Remote Client Overview and Examples#

TAO Remote Client is a command line tool that allows you to create experiments using the command line instead of relying on API calls.

Note

Datasets provided in these examples are subject to the following license Dataset License.

Installation#

Setting up Your Python Environment#

We recommend setting up a Python environment using miniconda. The following instructions show how to setup a Python conda environment.

Follow the instructions in this link to set up a Conda environment using Miniconda.
After you have installed miniconda, create a new environment and set the Python version to 3.12.
conda create -n tao python=3.12
Activate the conda environment that you have just created.
conda activate tao
Verify that the command prompt shows the name of your Conda environment.
(tao) desktop:

When you are done with your session, you can deactivate your conda environment using the deactivate command:

conda deactivate

You may re-instantiate this conda environment using the following command:

conda activate tao

Install the TAO Client#

After you setup and activate the python environment, you could install the TAO Client using the following command:

python -m pip install nvidia-tao-client

CLI Specs#

User authentication is based on the NGC Personal Key and can be done with the following command:

BASE_URL=https://IP_of_machine_deployed/api/v1

NGC_API_KEY=nvapi-zZYtczM5amdtdDcwNjk0cnA2bGU2bXQ3bnQ6NmQ4NjNhMDItMTdmZS00Y2QxLWI2ZjktNmE5M2YxZTc0OGyS

$ tao-client login --ngc-key $NGC_API_KEY --ngc-org-name ea-tlt

After authentication, the command line syntax is:

$ tao-client <network> <action> <args>

For example:

$ tao-client dino experiment-run-action --action train --id 042559ec-ab3e-438d-9c94-2cab38f76efc --specs '<json_loadable_specs_string_from_get_spec_action>'

Note

You can always use the --help argument to retrieve the command usage information.

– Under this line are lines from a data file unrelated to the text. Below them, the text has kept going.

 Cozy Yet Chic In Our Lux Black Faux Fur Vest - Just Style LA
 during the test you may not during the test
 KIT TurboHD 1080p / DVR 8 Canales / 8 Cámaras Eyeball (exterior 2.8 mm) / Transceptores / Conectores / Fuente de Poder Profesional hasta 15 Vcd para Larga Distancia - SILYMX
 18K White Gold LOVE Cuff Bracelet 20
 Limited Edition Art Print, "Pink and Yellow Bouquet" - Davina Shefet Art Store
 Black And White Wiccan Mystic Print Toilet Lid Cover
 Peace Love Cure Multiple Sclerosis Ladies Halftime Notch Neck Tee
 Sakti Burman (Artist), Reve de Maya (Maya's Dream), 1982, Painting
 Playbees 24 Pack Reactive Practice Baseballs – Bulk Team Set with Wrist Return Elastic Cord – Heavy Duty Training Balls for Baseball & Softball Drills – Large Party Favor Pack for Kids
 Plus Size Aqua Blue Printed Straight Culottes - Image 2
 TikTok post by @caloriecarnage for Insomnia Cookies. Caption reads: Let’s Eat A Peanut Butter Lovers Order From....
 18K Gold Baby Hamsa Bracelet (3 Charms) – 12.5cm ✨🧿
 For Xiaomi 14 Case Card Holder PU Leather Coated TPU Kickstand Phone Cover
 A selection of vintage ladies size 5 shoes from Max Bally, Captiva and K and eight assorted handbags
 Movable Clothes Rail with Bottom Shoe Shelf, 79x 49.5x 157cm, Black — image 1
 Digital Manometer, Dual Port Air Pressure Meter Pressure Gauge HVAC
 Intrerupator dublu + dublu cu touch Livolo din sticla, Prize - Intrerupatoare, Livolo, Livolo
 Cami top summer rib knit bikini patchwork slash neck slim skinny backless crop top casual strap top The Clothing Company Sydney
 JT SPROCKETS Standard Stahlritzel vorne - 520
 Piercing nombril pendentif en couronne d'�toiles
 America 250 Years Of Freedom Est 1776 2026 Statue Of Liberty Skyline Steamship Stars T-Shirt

To list supported networks:

$ tao-client -–help

To list supported Dino actions:

$ tao-client dino --help

Each network have the following actions:

Command

Description

workspace-create

Create a workspace and return the id

dataset-create

Create a dataset and return the id

dataset-delete

Delete a dataset

dataset-run-action

Run a dataset action

experiment-create

Create an experiment and return the id

experiment-delete

Delete an experiment

experiment-run-action

Run an experiment action

get-action-status

Get action status

get-job-logs

Get the logs of a job

get-metadata

Get the metadata of the mentioned artifact

get-spec

Return default spec of an action

job-cancel

Cancel a running job

job-pause

Pause a running job

job-resume

Resume a paused job

list-base-experiments

Return the list of base experiments

list-datasets

Return the list of datasets

list-experiments

Return the list of experiments

list-job-files

List the files, specs and logs of a job

download-entire-job

Download all files w.r.t to the job

download-selective-files

Download job files based on the arguments passed

model-automl-defaults

Return default automl parameters

patch-artifact-metadata

Patch the metadata of the mentioned artifact

publish-model

Publish model

remove-published-model

Remove published model

workspace-backup

Backup mongo database to cloud storage

workspace-restore

Restore a workspace from cloud storage

Workspaces#

In TAO 6.0, cloud workspaces are used to pull datasets and store experiment results in popular cloud storage providers.

AWS - cloud_type: aws; cloud_specific_details needed: access_key, secret_key, aws_region, s3_bucket_name

Azure - cloud_type: azure; cloud_specific_details needed: account_name, access_key, azure_region, azure_blob_name

HuggingFace datasets - cloud_type: huggingface; cloud_specific_details needed: token (Not applicable for experiment results storage)

Datasets#

User can either use datasets stored in the cloud workspace with cloud_file_path or public dataset with an https url

Object Detection Use Case Example with CLI#

Creating a Cloud Workspace

This returns a UUID representing the workspace ID that will be used during the creation of datasets and workspaces. The following are CLI argument parameters: * name - a identifiable name for the workspace * cloud_type - one of the cloud storage types supported by TAO (aws, azure, huggingface) * cloud_details - dictionary of required cloud storage values like bucket name, access credentials with write permissions, etc.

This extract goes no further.